Although it seems a chimera, many of us, does not fulfil our objectives by not eating enough and do not ingest the necessary calories “of quality” that the body needs. It may seem weird, but every time I see it, to the point of writing this article. There are two clear cases of people to whom this happens.
On the one hand, we have the athlete who practice fitness, it aims to increase muscle mass and not be achieved. And on the other hand, we have the athlete to practice endurance sports which has set an important goal, has increased its volume of training and therefore has increased your calorie needs and should eat more and does not. Then I’ll explain what happens in two cases.
Case 1: athlete who practice fitness, your goal is to increase muscle mass and do not eat enough
Everyone involved in the head that we need a “superproteica” diet to gain muscle mass and who must not eat many fats or many carbohydrates for “clean climbing”. This thinking often leads to stay short with calorie needs and not achieve the proposed objective.
Most, swallowed the amount of protein you need and even more by the desire to build muscle. That is all very well but they don’t know that these quantities of proteins contain very few calories and therefore less fuel for both training and body to build muscle.
Most who have this problem is because missing ingesting calories provinientes low-Glycemic carbohydrates and healthy fats. You must remember, that to gain muscle mass requires a positive energy balance of about 500 to 800 calories per day, and therefore, in some diets eating 3. 000kcal/day or more. That, is to eat a lot and if you do not ingeris carbohydrates and healthy fats in the proper, not gettin your goals. That if, do it in a healthy and progressive way.
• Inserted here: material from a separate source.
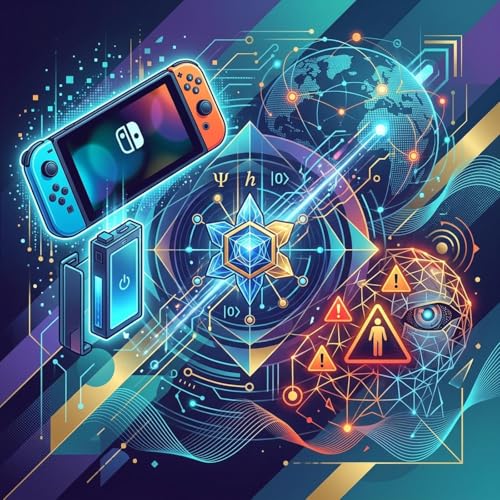 Switch 2 con bater&iacute;a extra&iacute;ble, el salto cu&aacute;ntico de Microsoft y la alerta mundial por la IA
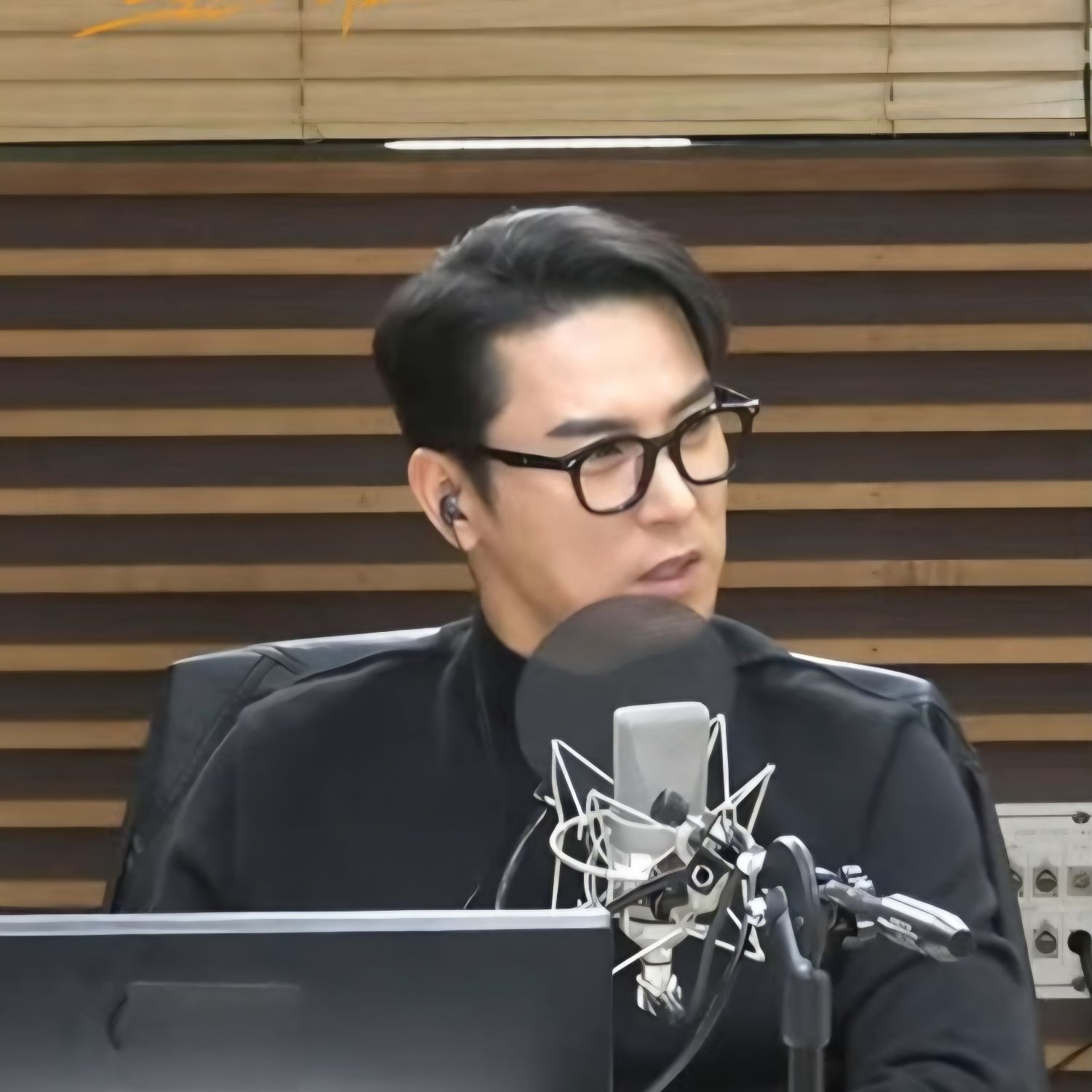 粉絲拍下的張民好瞬間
Case 2: athlete who practices endurance sports and do not eat enough
It is very common to see people who will prepare a Triathlon, ironman, Marathon and eat the same as when you were not preparing. The end of the story is an athlete losing muscle mass because it uses its proteins as a source of energy, injured because it lacks essential nutrients and extreme tiredness because you lack energy. The problem is often not a high volume of training, but it comes from not eating enough.
Endurance sports athletes tend to sin in eating few proteins and low in fat unsaturated and Omega 3-6-9 and an excess of carbohydrates of rapid absorption.
If you think that this may be the problem, check your diet or go to a professional to advise you.
My advice is that you try to think about whether you are eating enough for the training you’re doing because kg more and the body is a drag but muscles and energy are the key to success.